What is required:
From the first line of the records through the line containing "MINTIES Medium Mint", retype every line exactly and nothing else.

Materials provided:
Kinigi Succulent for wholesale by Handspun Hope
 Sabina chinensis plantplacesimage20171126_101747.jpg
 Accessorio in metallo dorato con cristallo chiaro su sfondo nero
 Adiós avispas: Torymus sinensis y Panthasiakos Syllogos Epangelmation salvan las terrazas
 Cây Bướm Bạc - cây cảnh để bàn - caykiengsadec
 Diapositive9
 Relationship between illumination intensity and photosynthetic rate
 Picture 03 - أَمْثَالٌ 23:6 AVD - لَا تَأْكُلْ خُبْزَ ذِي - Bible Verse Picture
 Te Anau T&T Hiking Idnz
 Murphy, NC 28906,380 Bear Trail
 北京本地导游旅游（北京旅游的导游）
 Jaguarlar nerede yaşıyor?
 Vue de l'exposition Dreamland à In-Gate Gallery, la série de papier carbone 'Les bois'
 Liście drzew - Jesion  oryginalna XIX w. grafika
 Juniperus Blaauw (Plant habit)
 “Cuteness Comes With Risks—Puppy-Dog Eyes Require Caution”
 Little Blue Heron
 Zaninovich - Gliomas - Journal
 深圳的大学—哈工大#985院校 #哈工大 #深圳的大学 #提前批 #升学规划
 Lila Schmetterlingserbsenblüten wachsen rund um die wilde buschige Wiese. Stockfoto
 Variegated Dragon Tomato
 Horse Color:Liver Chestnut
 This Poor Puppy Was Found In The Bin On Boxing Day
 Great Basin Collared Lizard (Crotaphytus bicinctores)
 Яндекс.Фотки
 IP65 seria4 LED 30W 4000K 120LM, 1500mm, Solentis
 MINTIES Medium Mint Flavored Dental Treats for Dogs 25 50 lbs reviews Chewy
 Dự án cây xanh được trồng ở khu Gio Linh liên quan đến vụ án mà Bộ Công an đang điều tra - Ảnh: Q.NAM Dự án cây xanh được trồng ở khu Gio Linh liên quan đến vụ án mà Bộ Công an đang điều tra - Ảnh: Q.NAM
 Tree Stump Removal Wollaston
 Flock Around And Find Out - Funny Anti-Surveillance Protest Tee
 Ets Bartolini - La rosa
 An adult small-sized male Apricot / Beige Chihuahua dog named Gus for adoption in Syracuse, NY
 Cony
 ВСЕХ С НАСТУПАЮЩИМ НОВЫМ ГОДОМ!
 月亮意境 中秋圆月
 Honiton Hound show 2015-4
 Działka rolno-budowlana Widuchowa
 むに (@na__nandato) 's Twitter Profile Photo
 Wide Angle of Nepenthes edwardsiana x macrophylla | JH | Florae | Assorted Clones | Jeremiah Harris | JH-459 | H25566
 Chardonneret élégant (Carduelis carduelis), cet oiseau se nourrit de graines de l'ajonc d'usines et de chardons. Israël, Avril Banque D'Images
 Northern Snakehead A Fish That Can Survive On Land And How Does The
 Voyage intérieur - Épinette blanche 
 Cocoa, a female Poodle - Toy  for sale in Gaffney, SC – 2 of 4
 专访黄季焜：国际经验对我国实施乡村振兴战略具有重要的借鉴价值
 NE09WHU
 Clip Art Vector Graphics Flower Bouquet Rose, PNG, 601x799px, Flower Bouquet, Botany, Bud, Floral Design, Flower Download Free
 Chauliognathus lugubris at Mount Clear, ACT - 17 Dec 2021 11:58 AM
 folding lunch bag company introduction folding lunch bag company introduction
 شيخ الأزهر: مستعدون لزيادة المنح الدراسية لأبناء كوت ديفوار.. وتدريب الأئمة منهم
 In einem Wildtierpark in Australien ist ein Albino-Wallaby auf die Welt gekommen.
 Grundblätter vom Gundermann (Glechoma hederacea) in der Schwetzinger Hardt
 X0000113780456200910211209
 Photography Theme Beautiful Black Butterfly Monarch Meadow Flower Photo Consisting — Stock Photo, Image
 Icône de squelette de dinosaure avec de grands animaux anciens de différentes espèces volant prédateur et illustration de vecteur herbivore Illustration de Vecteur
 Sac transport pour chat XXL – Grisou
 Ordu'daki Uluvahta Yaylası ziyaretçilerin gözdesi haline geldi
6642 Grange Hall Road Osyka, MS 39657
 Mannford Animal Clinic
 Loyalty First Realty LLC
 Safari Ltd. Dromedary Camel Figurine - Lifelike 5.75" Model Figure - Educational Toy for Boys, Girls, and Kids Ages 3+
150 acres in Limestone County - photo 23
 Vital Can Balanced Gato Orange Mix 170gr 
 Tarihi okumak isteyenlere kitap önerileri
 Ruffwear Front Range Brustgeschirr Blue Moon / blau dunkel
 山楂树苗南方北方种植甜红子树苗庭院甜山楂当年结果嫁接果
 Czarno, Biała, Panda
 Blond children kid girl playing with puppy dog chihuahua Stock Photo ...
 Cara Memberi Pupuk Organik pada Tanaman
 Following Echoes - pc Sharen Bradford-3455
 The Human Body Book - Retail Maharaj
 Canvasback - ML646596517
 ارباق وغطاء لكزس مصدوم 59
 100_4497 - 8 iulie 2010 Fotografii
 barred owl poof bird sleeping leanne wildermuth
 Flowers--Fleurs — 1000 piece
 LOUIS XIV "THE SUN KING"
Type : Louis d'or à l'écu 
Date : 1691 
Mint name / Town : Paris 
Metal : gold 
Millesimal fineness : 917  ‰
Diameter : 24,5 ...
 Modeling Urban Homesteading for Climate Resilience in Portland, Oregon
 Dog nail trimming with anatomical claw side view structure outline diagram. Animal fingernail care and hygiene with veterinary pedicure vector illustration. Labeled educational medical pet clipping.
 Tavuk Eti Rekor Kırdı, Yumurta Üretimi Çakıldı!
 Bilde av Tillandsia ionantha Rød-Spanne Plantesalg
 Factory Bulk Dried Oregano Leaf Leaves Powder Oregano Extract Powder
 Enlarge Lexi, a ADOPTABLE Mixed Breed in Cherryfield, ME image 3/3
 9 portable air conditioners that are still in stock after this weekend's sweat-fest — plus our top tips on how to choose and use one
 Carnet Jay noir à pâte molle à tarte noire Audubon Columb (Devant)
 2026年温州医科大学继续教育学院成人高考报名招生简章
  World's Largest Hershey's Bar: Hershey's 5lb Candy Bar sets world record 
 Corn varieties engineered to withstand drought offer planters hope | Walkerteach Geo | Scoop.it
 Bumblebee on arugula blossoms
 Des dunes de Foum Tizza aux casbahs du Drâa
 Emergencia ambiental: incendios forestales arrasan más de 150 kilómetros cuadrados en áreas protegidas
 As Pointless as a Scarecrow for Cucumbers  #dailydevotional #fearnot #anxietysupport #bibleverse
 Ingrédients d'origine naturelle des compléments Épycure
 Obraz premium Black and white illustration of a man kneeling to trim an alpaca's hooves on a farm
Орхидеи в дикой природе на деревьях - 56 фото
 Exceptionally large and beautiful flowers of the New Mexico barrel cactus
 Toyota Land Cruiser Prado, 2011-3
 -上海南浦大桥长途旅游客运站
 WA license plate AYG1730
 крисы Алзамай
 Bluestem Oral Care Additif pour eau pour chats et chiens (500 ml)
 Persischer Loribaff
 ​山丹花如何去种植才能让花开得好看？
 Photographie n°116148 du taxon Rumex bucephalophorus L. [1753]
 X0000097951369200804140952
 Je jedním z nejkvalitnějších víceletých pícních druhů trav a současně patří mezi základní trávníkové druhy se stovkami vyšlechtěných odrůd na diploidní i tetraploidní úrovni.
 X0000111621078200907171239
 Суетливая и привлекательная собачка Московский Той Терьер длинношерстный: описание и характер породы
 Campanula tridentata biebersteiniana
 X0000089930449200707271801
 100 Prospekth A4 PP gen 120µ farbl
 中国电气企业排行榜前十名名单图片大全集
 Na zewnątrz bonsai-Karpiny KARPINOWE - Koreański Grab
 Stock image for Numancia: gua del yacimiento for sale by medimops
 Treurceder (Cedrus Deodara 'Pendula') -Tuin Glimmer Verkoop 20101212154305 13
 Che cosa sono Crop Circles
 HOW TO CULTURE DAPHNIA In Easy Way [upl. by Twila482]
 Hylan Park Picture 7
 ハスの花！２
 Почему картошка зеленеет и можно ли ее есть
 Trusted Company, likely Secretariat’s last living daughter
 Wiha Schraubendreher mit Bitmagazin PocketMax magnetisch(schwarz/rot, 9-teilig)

Exercise output:
Kinigi Succulent for wholesale by Handspun Hope
 Sabina chinensis plantplacesimage20171126_101747.jpg
 Accessorio in metallo dorato con cristallo chiaro su sfondo nero
 Adiós avispas: Torymus sinensis y Panthasiakos Syllogos Epangelmation salvan las terrazas
 Cây Bướm Bạc - cây cảnh để bàn - caykiengsadec
 Diapositive9
 Relationship between illumination intensity and photosynthetic rate
 Picture 03 - أَمْثَالٌ 23:6 AVD - لَا تَأْكُلْ خُبْزَ ذِي - Bible Verse Picture
 Te Anau T&T Hiking Idnz
 Murphy, NC 28906,380 Bear Trail
 北京本地导游旅游（北京旅游的导游）
 Jaguarlar nerede yaşıyor?
 Vue de l'exposition Dreamland à In-Gate Gallery, la série de papier carbone 'Les bois'
 Liście drzew - Jesion  oryginalna XIX w. grafika
 Juniperus Blaauw (Plant habit)
 “Cuteness Comes With Risks—Puppy-Dog Eyes Require Caution”
 Little Blue Heron
 Zaninovich - Gliomas - Journal
 深圳的大学—哈工大#985院校 #哈工大 #深圳的大学 #提前批 #升学规划
 Lila Schmetterlingserbsenblüten wachsen rund um die wilde buschige Wiese. Stockfoto
 Variegated Dragon Tomato
 Horse Color:Liver Chestnut
 This Poor Puppy Was Found In The Bin On Boxing Day
 Great Basin Collared Lizard (Crotaphytus bicinctores)
 Яндекс.Фотки
 IP65 seria4 LED 30W 4000K 120LM, 1500mm, Solentis
 MINTIES Medium Mint Flavored Dental Treats for Dogs 25 50 lbs reviews Chewy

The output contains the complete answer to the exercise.